### RECORDED INFORMATION
__________________________________________________

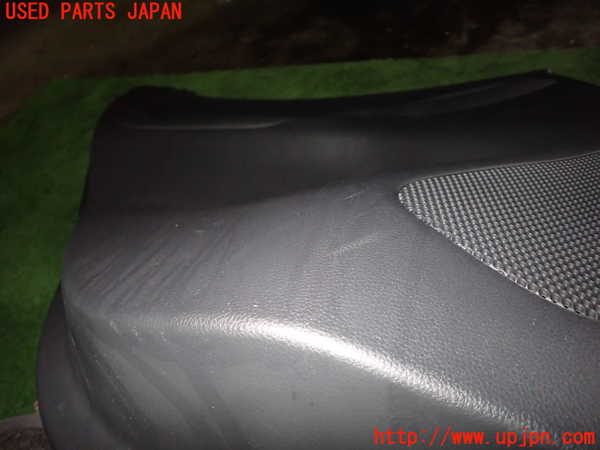 1UPJ-9226141324]ヤリス(YARIS)(KSP210)左後ドア内張り 中古_3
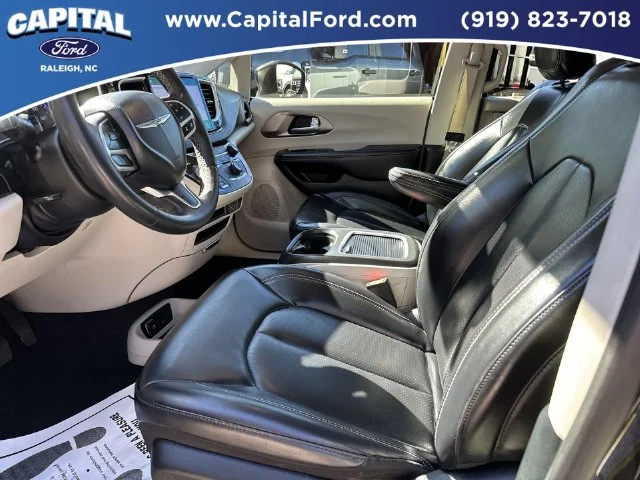 Used 2023 Black Chrysler Touring L image 19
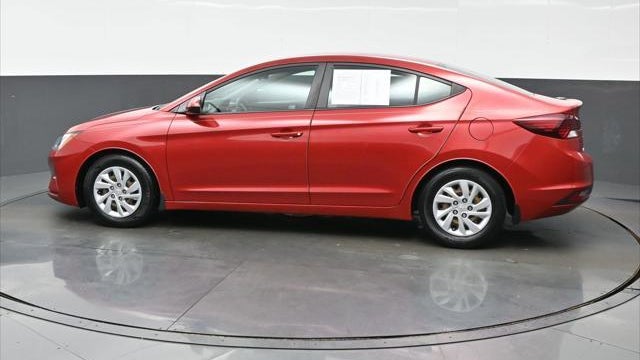 2019 Hyundai ELANTRA SE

__________________________________________________

### ASSIGNMENT
Only the pictures are to be left out; all other material is to be output exactly.

### FINAL ANSWER
 1UPJ-9226141324]ヤリス(YARIS)(KSP210)左後ドア内張り 中古_3
 Used 2023 Black Chrysler Touring L image 19
 2019 Hyundai ELANTRA SE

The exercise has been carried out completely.